As for Rosa Hubermann, she is the booming and loud counterpart of her husband. At times, you will hate her for being very harsh, but soon, you’ll realize that this grave woman also has a heart of gold beating deep within her. She is a woman capable of great kindness and care even when everything around her seemed dark.
Next in line comes Rudy Steiner, one of the characters that will linger with me even after finishing the book. Rudy had one single wish in life, and that is to kiss Liesel Meminger, to feel her lips, just once, against his own. And that is the reason why his story became, perhaps, the most depressing and saddening in this book. I guess, I’ll leave it to you to know why this is such, savor the pain. Rudy Steiner became Liesel’s best friend after one game of soccer, and from then on became her partner in crime in every single stealing quest they had.
And then there’s the mayor’s wife, Ilsa Herman. She was one of Rosa’s few customers. She was also the witness to one of Liesel’s book thievery. Every day, Liesel would pick up or deliver her laundry at their doorstep with nothing, even a mere smile or sound, from Ilsa Herman. At first, I was intrigued by her character. Surely, there was something about her cold attitude towards the book thief. And then as I read on, I knew that I was right. She was another book lover as well and she gave Liesel the privilege to read inside her library, letting the girl loose around the brilliance of numerous books. This paved the way to an unlikely friendship and was the reason why Liesel even thought of writing a book of her own.

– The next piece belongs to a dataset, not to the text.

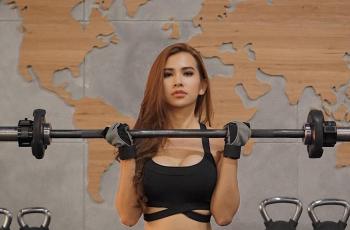 Maria Vania Ajak Ngegym, Netizen Pangling: Ada yang Beda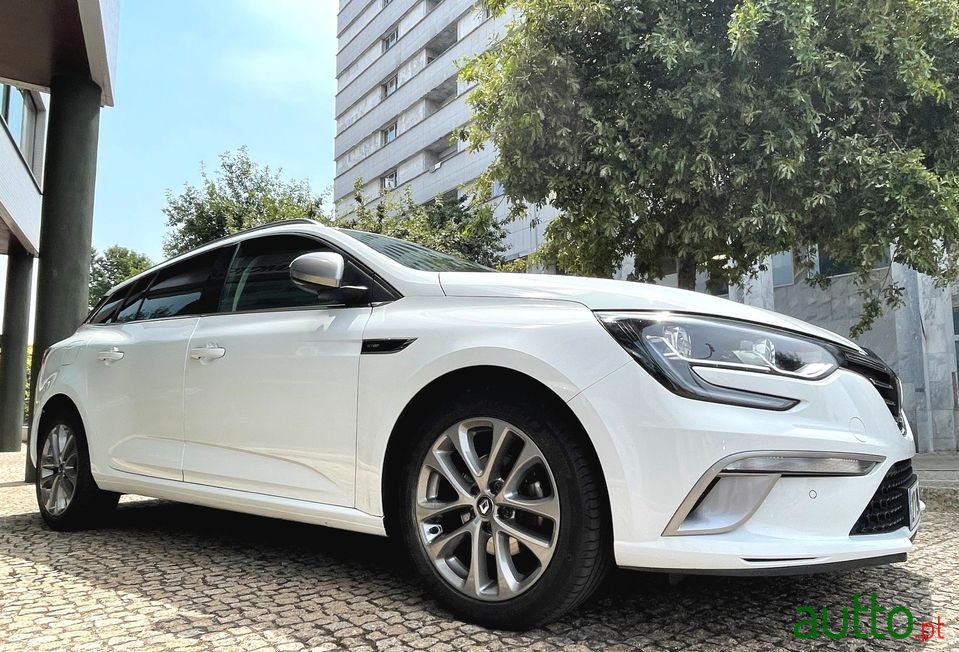 2018' Renault Megane Sports Tourer photo #2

And last but truly not the least, is Max Vandenburg. One thing you should know about him though: Max Vandenburg is a Jew. In any other time, that would not have been a problem, but we are talking about a story during the Holocaust period and we all know that it clearly isn’t a good time to be a Jew. His appearance in the story may have lead to a series of problems for the Hubermann household, but in a way, without him, the Liesel’s story would not be complete. Even when they knew about his status, Hans Hubermann took Max in their home, to be hidden in the basement. This was to repay his debt from Max’s father, who was the very reason why Hans was still alive. Max Vandenburg’s stay at their home resulted into another strong relationship with Liesel as they both learned their similarities. Both was a broken soul, haunted by the past and left alone to survive. Also, they both cling on the magnificent power of words to survive the harsh times. Max Vandenburg is my favorite character of all for he was capable of touching the reader’s hearts with his thoughts and stories.
I guess to sum it all up, Zusak story is really one of a kind for he was able to relay the difficulties of that era as well as the struggles of people in general, especially in coping with grief and loss. Another great thing in this novel was that Death was personified in a very unique way. His perspective was very detailed and inquisitive, not to mention surprising and at times, hilarious. I think that was the reason why this book is a success for it shows us that even Death has a different view of life. His words will make you yearn to know more about the story he is telling. I can even feel like I am at Himmel Street, myself, as he describes each event.
Oh and just a fair reminder for those who plan on reading this book: If you’re one of those people who despise spoilers, I suggest you try and get used to them beforehand, for this book doesn’t hold back on its facts. At any point, you’ll find that the future events are already being thrown right at your very eyes. Trust me when I say that you can never be prepared with what turning one page of this book could bring.
I think this is the best book I have read this year and Liesel’s story will linger on, permanently etched in my mind even in the long run. The book just blew me away. From the very first page, I was hooked. I had so much emotions the entire duration of reading it and all I can say is that the book was perfect. I fell in love almost immediately. This book very well deserves a 5/5.